As a single backend service, LexReviewer brings together PDF ingestion, vector + keyword retrieval, streaming RAG chat, chat history, and document-linked retrieval, so you don’t need to wire up a bunch of tools yourself. It’s built with legal document understanding in mind and fits well for contract review, compliance, research, and any workflow where you need to query and cite from large PDF collections.

What’s included:

  • 🤖 LangGraph-powered agent — Picks the right tools per question (in-doc search, linked docs, or both) so you get focused answers instead of a one-size-fits-all pipeline; handles multi-step queries and follow-ups in context.
  • 📄 PDF ingestion & chunking — Unstructured.io turns your PDFs into searchable chunks so the agent can pull the right passages.
  • 🔍 Vector + BM25 retrieval — Qdrant plus keyword search so both semantic and exact-phrase questions hit the right content.
  • 💬 Streaming RAG chat — Answers stream as NDJSON with thoughts and references, so you see citations and can highlight in the source as they arrive.
  • 📚 Chat history — Persisted in MongoDB so the agent keeps conversation context and follow-up questions stay grounded.
  • 🔗 Linked document awareness — When your doc references amendments, schedules, or MSAs, the agent can fetch and query those too for full contract context.
  • 📊 Observability — Langfuse and optional Sentry so you can trace and debug runs without guessing.

Tech Stack

Area Technology
LanguagePython
APIFastAPI, Uvicorn
Web UIStreamlit (ui/)
RAG / AgentLangChain, LangChain Community, LangChain Core, LangGraph, Rank-BM25
LLM & EmbeddingsOpenAI (chat models e.g. gpt-4, gpt-4.1-mini, gpt-5.2; embedding text-embedding-3-large)
StorageMongoDB (chat history, doc store), Qdrant (vector embeddings, filter by document_id)
Document processingUnstructured.io – PDF parsing, chunking, positions/bounding boxes
ObservabilityLangfuse, Sentry

Setup Instructions

Prerequisites

  • Python: A modern Python 3 interpreter compatible with the packages in requirements.txt (e.g., Python 3.10+).
  • MongoDB:
    • Running instance reachable by MONGODB_URL.
  • Qdrant:
    • Running Qdrant instance reachable by QDRANT_URL.
  • Unstructured.io:
    • Valid Unstructured API key (UNSTRUCTURED_API_KEY) and network access.
  • OpenAI:
    • Valid OpenAI API key (OPENAI_API_KEY) and network access.

Installation

From the project root:

# Create and activate a virtual environment (recommended)
python -m venv .venv
# On Windows PowerShell
.venv\Scripts\Activate.ps1
# On Unix-like shells
source .venv/bin/activate

# Install dependencies
pip install -r requirements.txt

Environment Variables

Use .env at the project root. Key variables (minimum to run):

Variable Purpose
OPENAI_API_KEY Required for LLM and embeddings
UNSTRUCTURED_API_KEY Required for PDF chunking
MONGODB_URL MongoDB connection (default mongodb://localhost:27017)
QDRANT_URL Qdrant endpoint
LINKED_DOCUMENT_FETCH_URL Base URL for linked documents retriever

Create your .env: cp .env.example .env then edit. See .env.example for the full list.

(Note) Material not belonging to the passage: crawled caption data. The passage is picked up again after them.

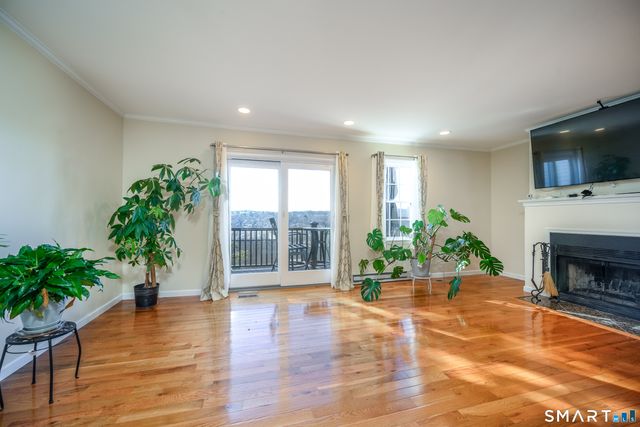 55 Mill Plain Road 17-6, Danbury, CT 06811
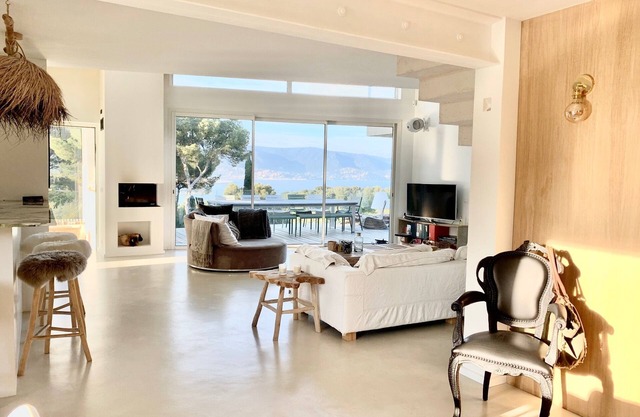 Cap Bénat, 8 people, real sea view, swimming pool, air conditioning, wifi, 180cm and 160cm bed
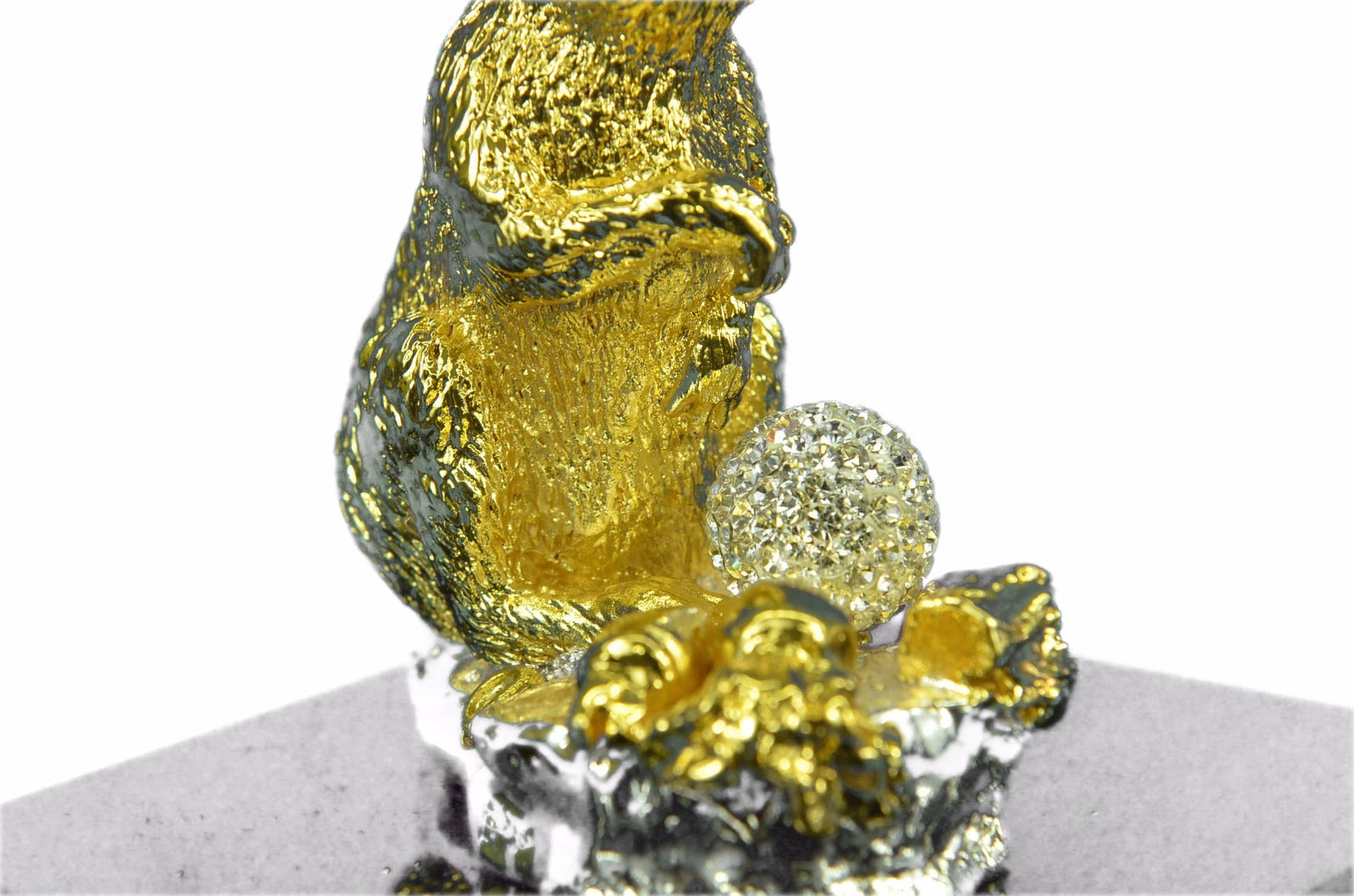 Collectible Bronze Statue DEAL Rabbit Garden Bunny Art Decor Hotcast 24K Gold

Full environment variable list
  • Application & prompts: CHATBOT_NAME, AGENT_MODEL, REASNONING_AGENT_MODEL (note typo), AGENT_REASONING_ALLOWED
  • Linked documents: LINKED_DOCUMENT_FETCH_URL
  • Unstructured.io: UNSTRUCTURED_API_KEY, plus UNSTRUCTURED_* options (max chars, overlap, strategy, etc.)
  • OpenAI: OPENAI_API_KEY, OPENAI_CHAT_SUMMARY_MODEL, OPENAI_CHUNK_SUMMARY_MODEL, REQUIRED_TOOLS_GENERATOR_MODEL, OPENAI_EMBEDDING_MODEL_NAME
  • MongoDB: MONGODB_URL, MONGODB_DATABASE, MONGODB_CHAT_HISTORY_COLLECTION_NAME, MONGODB_DOC_STORE_COLLECTION_NAME
  • Qdrant: QDRANT_URL, QDRANT_API_KEY, QDRANT_TIMEOUT, QDRANT_COLLECTION_NAME, QDRANT_VECTOR_SIZE
  • Observability (optional): SENTRY_DSN, LANGFUSE_SECRET_KEY, LANGFUSE_PUBLIC_KEY, LANGFUSE_HOST

How to Run

From the project root (after installing dependencies and configuring .env):

Command Purpose
python app.py Start API (Uvicorn with reload) at http://0.0.0.0:8000
streamlit run ui/ui_app.py Start Streamlit chat UI (backend must be running)
uvicorn app:app --host 0.0.0.0 --port 8000 Run API without reload (e.g. production)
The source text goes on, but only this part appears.